Well lets be honest, the writing was on the wall about what MG have been up to. They bought the Kart developer because they used UE4 but their own physics engine. They are marrying UE4 with the rF2 physics engine on the new NASCAR title; and from which, they are pulling expertise from both studios to do so. Next up, BTCC; and then after that, ACO/LeMans title.
Using UE4 seems on the surface to make sense; its after all what SimBin were tasked to do with GTR3 (Sector3 physics, UE4 graphics) but have failed to deliver. And of course there is ACC. The advantage of it is that you can port the game to consoles as well as PCs. But Kunos have alluded to certain problems with mixing UE4 and their physics; and there are some rumors that if they ever produce an AC2, they'll revert to their own graphics engine.
My own experience with ACC, has been pretty poor quite frankly. When you look at the type of games UE4 is used on, and for consoles in general, they are fixed to either 30fps or 60fps, and are generally slow-moving games such as first-person shooters and adventure games, where you slowly travel around an environment with buildings and trees and such, where they don't move quickly and can render with shadows in a decent way. On ACC, the shadows on the trees are terribly distracting - they only start at a certain draw distance and so they pop in, changing tree colors from light to dark constantly as you blast up to them at 150mph not 30mph or 5mph. There's problems with the auto-exposure as well, for the same reasons. In order to try to overcome the shortcomings, and massive fluctuations in fps and stuttering, I've had to lock fps to 84 and massage settings; and this is on a 9th Gen Intel proc and 2070 Nvidia GPU. Performance is crap. And of course, like everyone else I read about what a disaster it to try and run VR with that title, and the inability to retain fps performance.
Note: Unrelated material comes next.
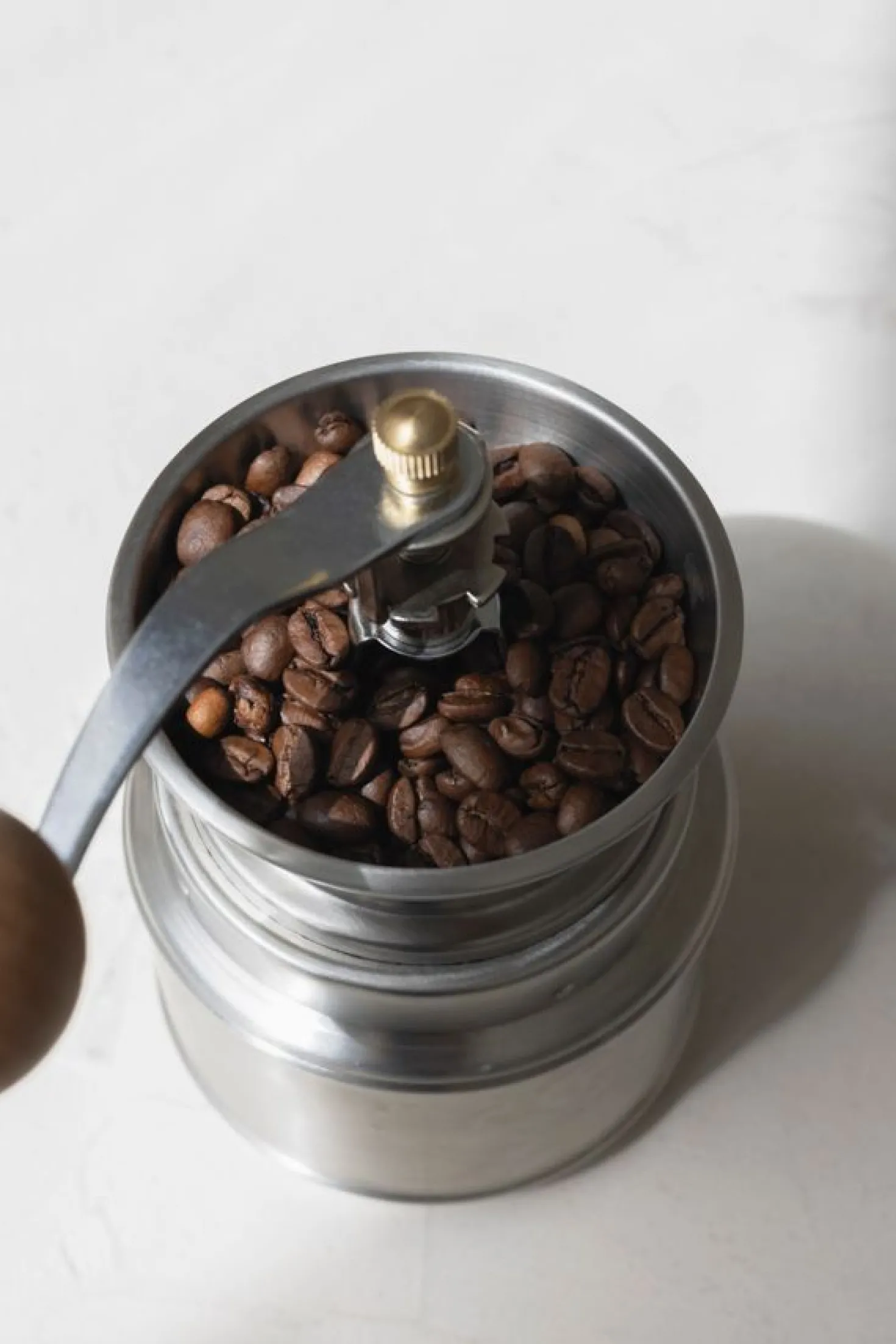 Koffiemolen, rvs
The question is, what does this mean for rF2? In much the same way as Reiza had to rebuild all their content for the Madness engine, pretty sure S397 would have to do the same were they ever to swap out the graphics for the MG UE4 engine. All mod content instantly obsolete, including those with 3rd party relationships (KartSim, guys who did Alpine etc.). But without this, they've got to maintain full development of the graphics subsystem so they don't fall behind. UE5 is coming soon as well; raytracing; DX12; DLSS or AMDs competitor (allowing to have apparently better resolution that actually being used, upscaling); plus whatever happens with VR. That's a tall order, and I just wonder if MG will want to do it. Or instead, they'll just let the content gradually migrate to the "new" games that are built on the MG engine. I suspect, that'll be the plan. There's also competing Competition Systems to worry about as well, since they aren't using the rF one on the other titles.